In a simple graph, you could model it like this:

Newton (node) -> invented (relationship) -> Calculus (node)

...so you'd have a bunch of "invented" graph relationships as you added more people and inventions.

The problem is, you start needing to add a bunch of properties to the relationship:

  • invention_date
  • influential_concepts
  • influential_people
  • books_inventor_wrote

...and you'll want to start creating relationships between those properties and other nodes, such as:

  • influential_people: relationship to person nodes
  • books_inventor_wrote: relationship to book nodes

So now it seems like the "real-world relationships" ("invented") should actually be a node in the graph, and the graph should look like this:

Newton (node) -> (relationship) -> Invention of Calculus (node) -> (relationship) -> Calculus (node)

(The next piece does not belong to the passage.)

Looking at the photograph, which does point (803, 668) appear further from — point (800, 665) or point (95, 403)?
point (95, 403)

And to complicate things more, other people are also participated in the invention of Calculus, so the graph now becomes something like:

Newton (node) -> 
  (relationship) -> 
    Newton's Calculus Invention (node) -> 
      (relationship) -> 
        Invention of Calculus (node) -> 
          (relationship) -> 
            Calculus (node)
Leibniz (node) -> 
  (relationship) -> 
    Leibniz's Calculus Invention (node) -> 
      (relationship) -> 
        Invention of Calculus (node) -> 
          (relationship) -> 
            Calculus (node)

So I ask the question because it seems like you don't want to set properties on the actual graph database "relationship" objects, because you may want to at some point treat them as nodes in the graph.

Is this correct?

I have been studying the Freebase Metaweb Architecture, and they seem to be treating everything as a node. For example, Freebase has the idea of a Mediator/CVT, where you can create a "Performance" node that links an "Actor" node to a "Film" node, like here: http://www.freebase.com/edit/topic/en/the_last_samurai. Not quite sure if this is the same issue though.

What are some guiding principles you use to figure out if the "real-world relationship" should actually be a graph node rather than a graph relationship?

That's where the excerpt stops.